## Dataset
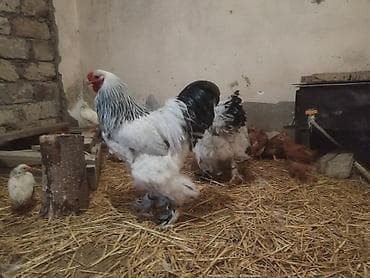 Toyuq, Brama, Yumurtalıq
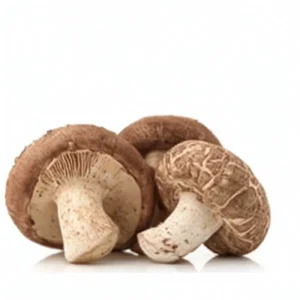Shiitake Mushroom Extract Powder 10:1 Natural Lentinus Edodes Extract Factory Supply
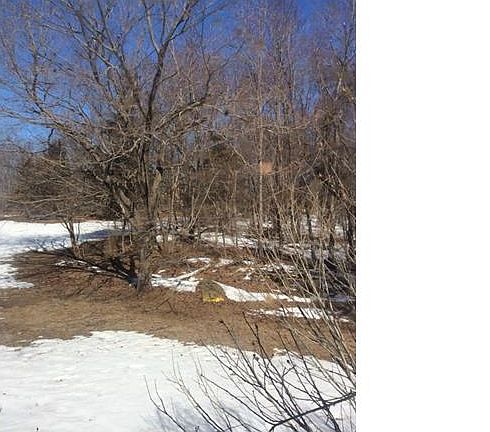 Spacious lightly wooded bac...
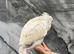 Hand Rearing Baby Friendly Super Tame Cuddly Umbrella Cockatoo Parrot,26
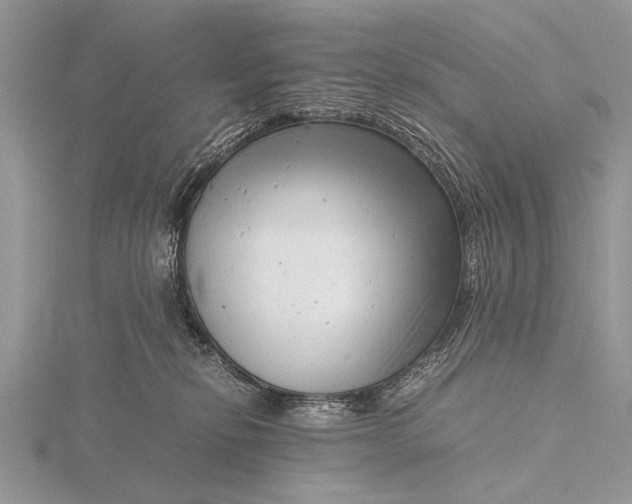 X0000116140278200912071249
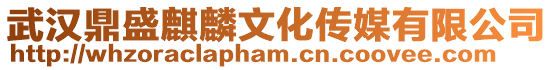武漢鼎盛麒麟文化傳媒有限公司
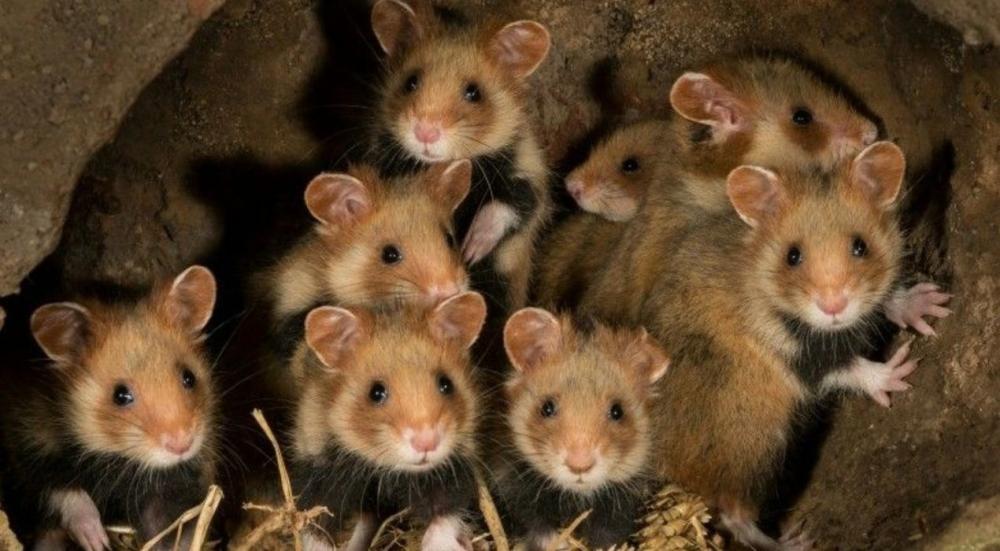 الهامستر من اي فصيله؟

---

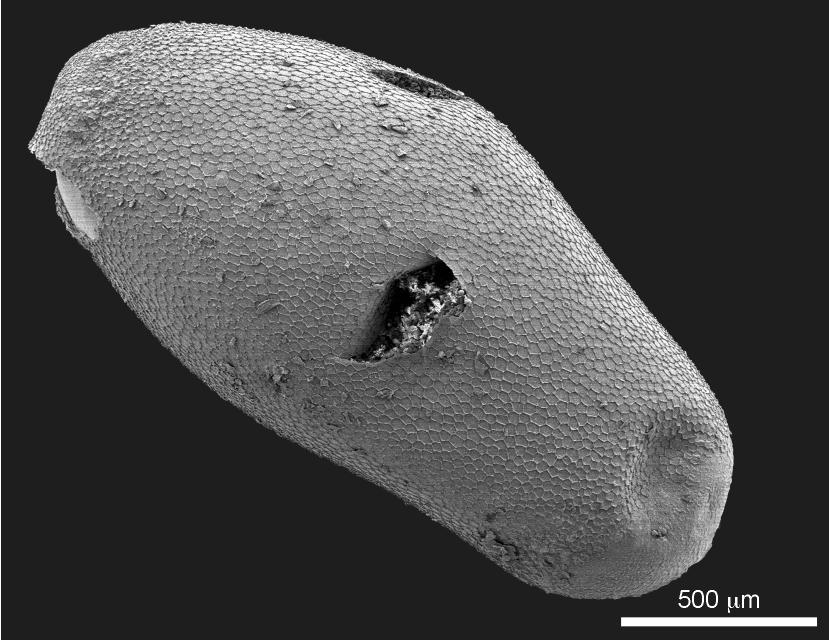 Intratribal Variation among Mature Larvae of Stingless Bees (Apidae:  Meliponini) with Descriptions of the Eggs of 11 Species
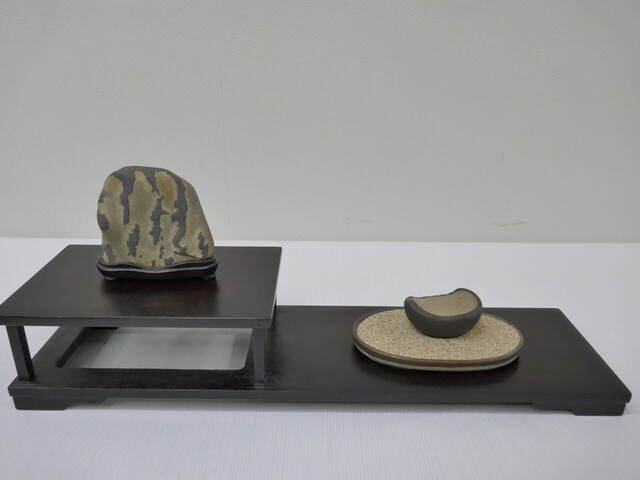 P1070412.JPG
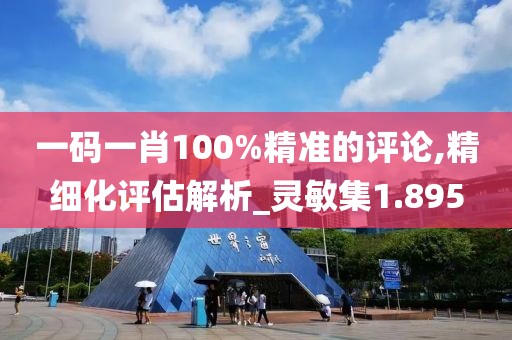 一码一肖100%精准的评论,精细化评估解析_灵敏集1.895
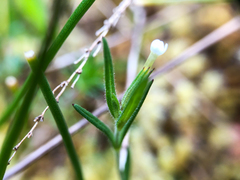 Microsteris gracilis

--

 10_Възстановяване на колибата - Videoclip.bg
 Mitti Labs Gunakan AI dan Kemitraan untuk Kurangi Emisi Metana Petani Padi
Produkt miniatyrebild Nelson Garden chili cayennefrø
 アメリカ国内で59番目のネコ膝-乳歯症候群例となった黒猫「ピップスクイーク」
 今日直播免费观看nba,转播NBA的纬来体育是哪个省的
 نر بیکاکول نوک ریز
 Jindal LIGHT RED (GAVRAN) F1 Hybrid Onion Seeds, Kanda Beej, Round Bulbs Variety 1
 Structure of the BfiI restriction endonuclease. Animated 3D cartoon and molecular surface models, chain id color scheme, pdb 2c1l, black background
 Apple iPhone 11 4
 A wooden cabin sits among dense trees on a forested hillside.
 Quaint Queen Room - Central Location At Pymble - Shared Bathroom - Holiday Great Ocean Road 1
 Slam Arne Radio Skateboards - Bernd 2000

## Task prompt
Transcribe each line of the data above, unaltered, from the one where "アメリカ国内で59番目のネコ膝-乳歯症候群例となった黒猫「ピップスクイーク」" appears to the one where "Jindal LIGHT RED" appears, inclusive of both.

## Solution for this task
 アメリカ国内で59番目のネコ膝-乳歯症候群例となった黒猫「ピップスクイーク」
 今日直播免费观看nba,转播NBA的纬来体育是哪个省的
 نر بیکاکول نوک ریز
 Jindal LIGHT RED (GAVRAN) F1 Hybrid Onion Seeds, Kanda Beej, Round Bulbs Variety 1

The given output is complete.